El anuncio fue un shock para la ciudad y, aunque al principio se habló de un posible aplazamiento, la declaración del estado de alarma el 14 de marzo confirmó lo peor: las Fallas de 2020 no se celebrarían en su fecha habitual. Fue la primera vez en la historia moderna que la fiesta se cancelaba por completo, dejando a Valencia sin su evento más emblemático y sumiendo a la población en un ambiente de incertidumbre.
El golpe económico y cultural
Las Fallas no son solo una celebración popular, sino también un motor económico clave para la ciudad. La cancelación de la fiesta provocó pérdidas estimadas en más de 700 millones de euros. Talleres de artistas falleros, indumentaristas, pirotécnicos, floristas y empresas de montaje vieron cómo su actividad se detenía de la noche a la mañana. Muchos de estos negocios, que dependen en gran medida de la actividad fallera, quedaron en una situación crítica, y algunos no lograron recuperarse.
El sector hostelero también se vio gravemente afectado. La ocupación hotelera, que en condiciones normales superaría el 90 % durante las Fallas, cayó en picado. Restaurantes, bares y locales de ocio perdieron una de sus temporadas más lucrativas, lo que, unido al confinamiento posterior, supuso un duro golpe del que tardaron meses en reponerse.
Pero más allá del impacto económico, la suspensión de las Fallas de 2020 supuso una pérdida cultural y emocional para los valencianos. La fiesta representa una identidad, una forma de vida y una tradición que se transmite de generación en generación. La ausencia de la Ofrenda de Flores a la Virgen de los Desamparados, de las mascletàs, de los pasacalles y de las verbenas dejó un vacío en la ciudad y en sus habitantes, que nunca habían imaginado un mes de marzo sin su celebración más querida.
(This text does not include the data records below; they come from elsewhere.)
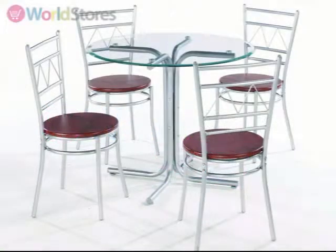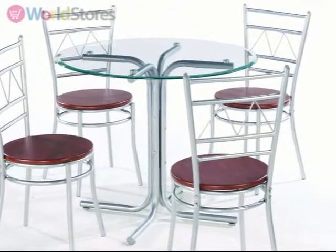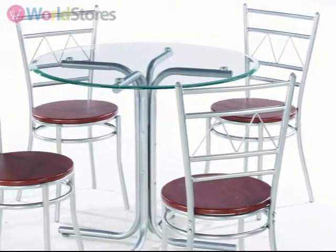Ultra chic and contemporary, the Renata 90cm round glass dining table with four chairs is the perfect complement to modern interiors.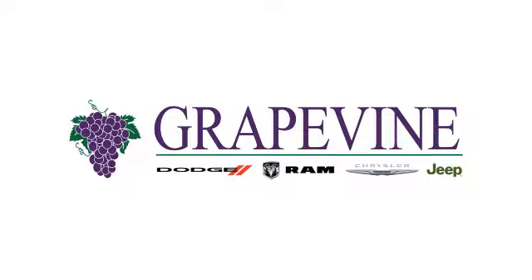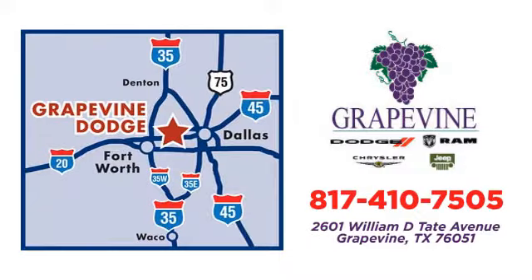Grapevine Dodge Chrysler Jeep Ram — call or stop in today. We're conveniently located at 2601 William D. Tate Avenue in Grapevine, Texas.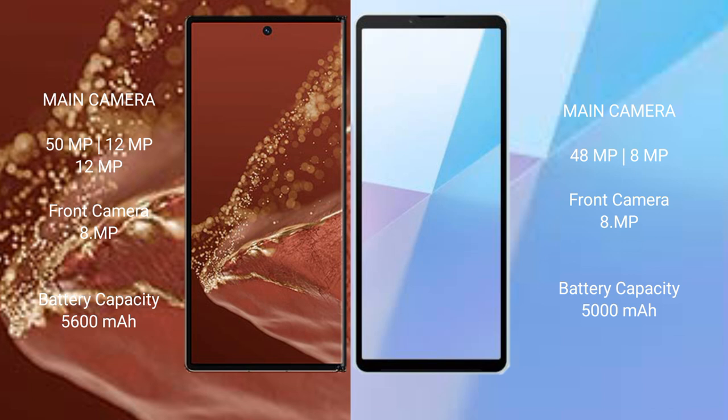The Huawei Mate XT Ultimate has a 5600mAh battery with 66W fast charging support. The Sony Xperia 10 Mark 6 has a 5000mAh battery with 30W fast charging support.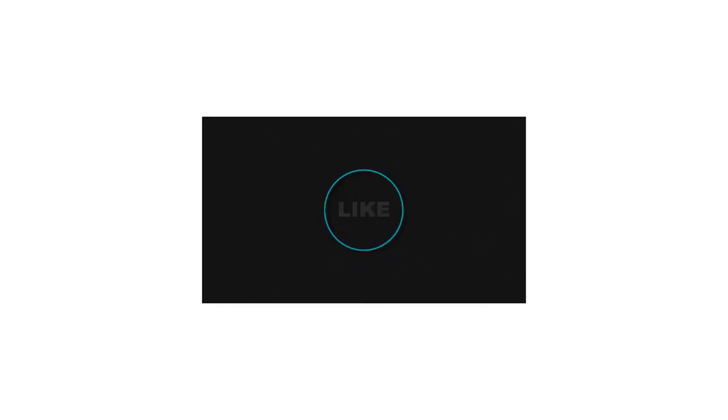Thank you for watching this video. If you found this video helpful, please hit the subscribe button, press the bell icon, and comment below. Check out the description to find the product links.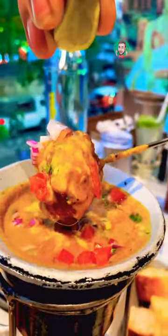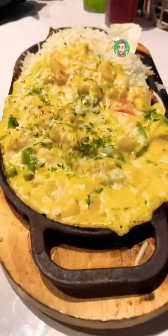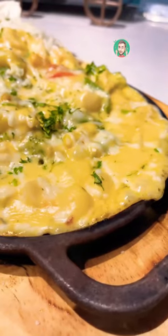The fondue is one of the must-try dishes here. If you order the fondue, also try the dessert chocolate fondue. A water chestnut cheese sizzle was something different.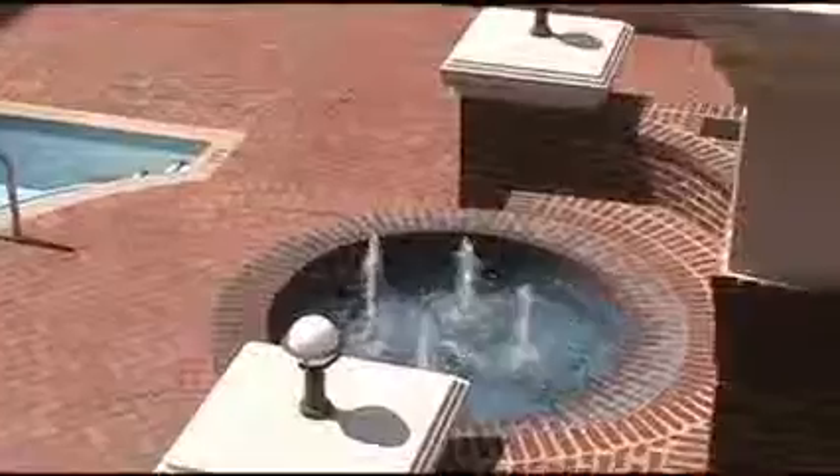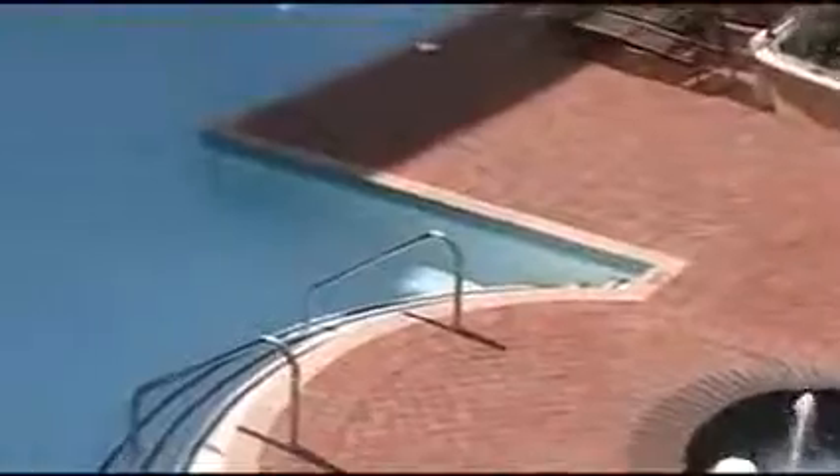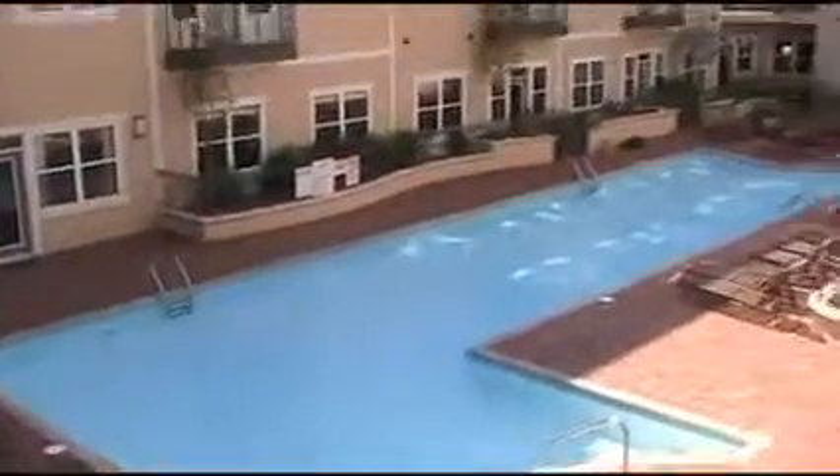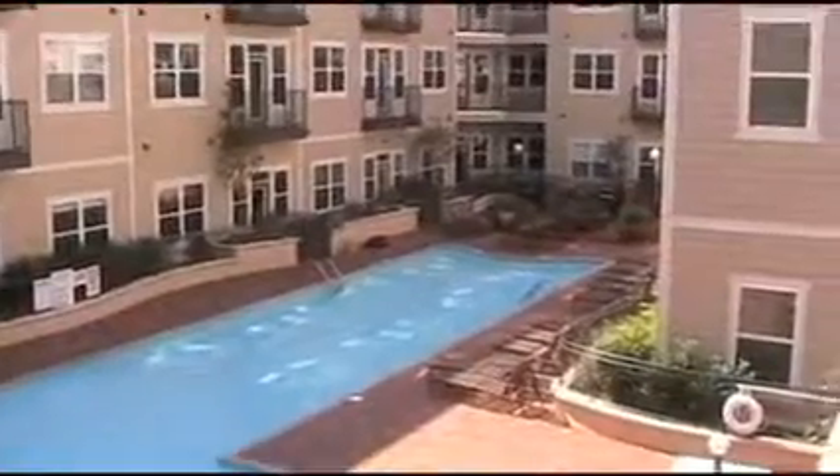You have an awesome view right out of your windows of the pool and the courtyard here at the West End Bristol. Listen to that fountain from your balcony — you can even step outside and just have a nice glass of wine on a relaxing summer day.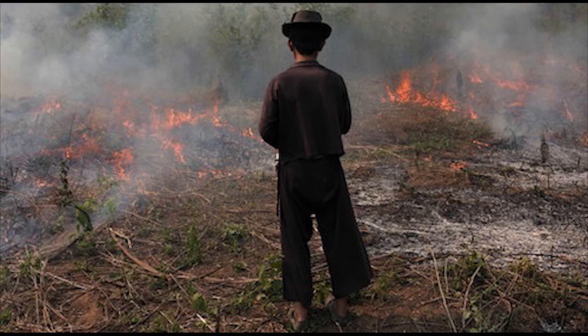Around the world, particularly in developing countries, field burning creates 330,000 gigatons of black carbon annually — the second biggest contributor to global warming. Therefore, using biomass waste for biochar instead of field burning could have a great impact in mitigating climate change.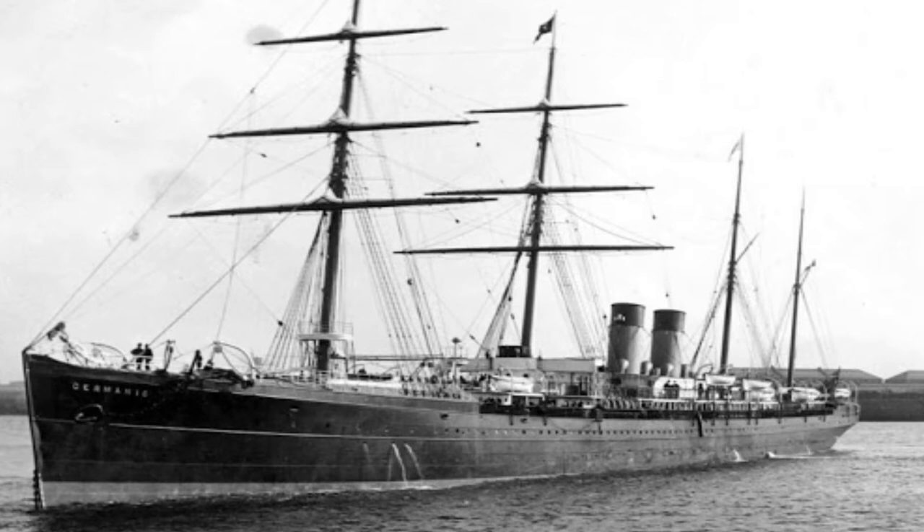Germanic was built at Harland and Wolff, Belfast, and was launched on 15 July 1847, although fitting out was completed in early 1857. Delivery was delayed until May of that year so that she would arrive in time for the summer transatlantic season. She was primarily steam-powered but was equipped with auxiliary sails. Quick fact: the sister ship of the Germanic, the SS Britannic, was the first White Star liner to carry that name.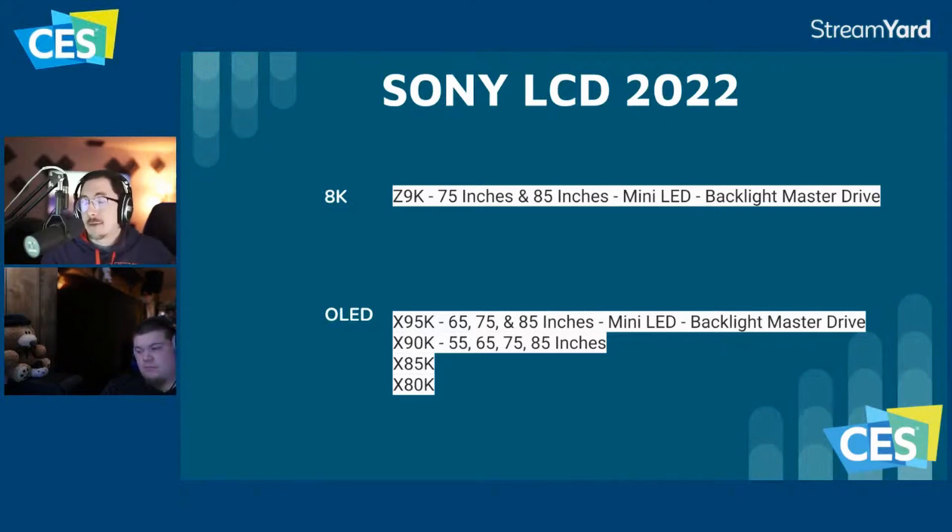It could be partly marketing — calling it Backlight Master Drive again and making it smaller — but the panels still look to be around two and a half to three inches thick, which is not super thin but not massively thick. Sony really needed to revamp their LCDs because what was working before was good but could be better. They now have a chance to make the best LCD TV in 2022.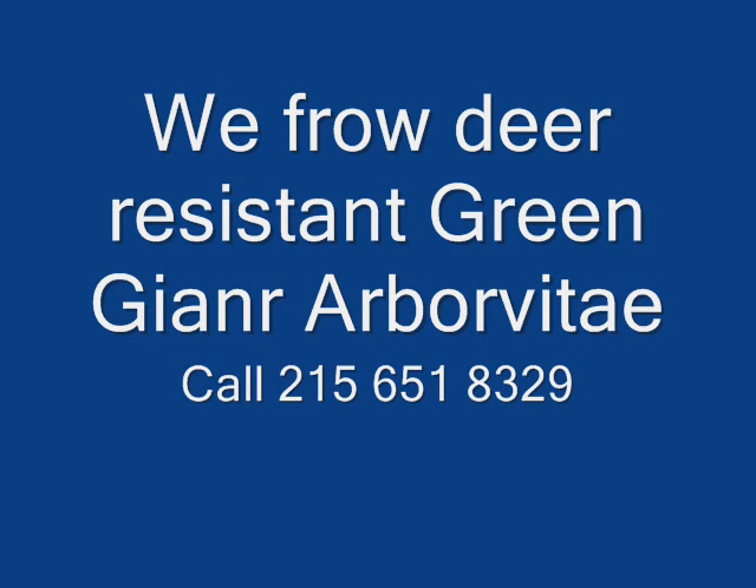But we do sell a wide range of trees and shrubs including winterberry holly. So give us a call at 215-651-8329, as we do deliver and we deliver and plant.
Las Fallas aplazadas y su regreso en 2021
Inicialmente, se barajó la posibilidad de celebrar las Fallas en julio, pero la evolución de la pandemia hizo inviable cualquier intento de reprogramación. Finalmente, en septiembre de 2021, Valencia pudo recuperar su fiesta, aunque con restricciones. Fue un regreso marcado por la emoción y la prudencia: los actos se celebraron con aforos reducidos, se mantuvieron medidas de seguridad y las aglomeraciones fueron limitadas. Aun así, la ciudad volvió a llenarse de pólvora, música y arte efímero, marcando el inicio de la recuperación.
Desde la suspensión de 2020, las Fallas han cobrado un significado especial para quienes las viven con pasión. El recuerdo de aquel año en el que todo se detuvo sigue presente en la memoria colectiva de los valencianos. Ahora, cada mascletà, cada cremà y cada acto de la fiesta es visto como un símbolo de resiliencia, una muestra de que la cultura y la tradición pueden superar incluso las circunstancias más adversas.
Cinco años después, Valencia sigue mirando hacia adelante, pero con la lección aprendida de que las Fallas son mucho más que una fiesta: son el alma de la ciudad, un patrimonio que debe cuidarse y celebrarse con orgullo, conscientes de que su ausencia en 2020 dejó una huella imborrable en la historia de la ciudad.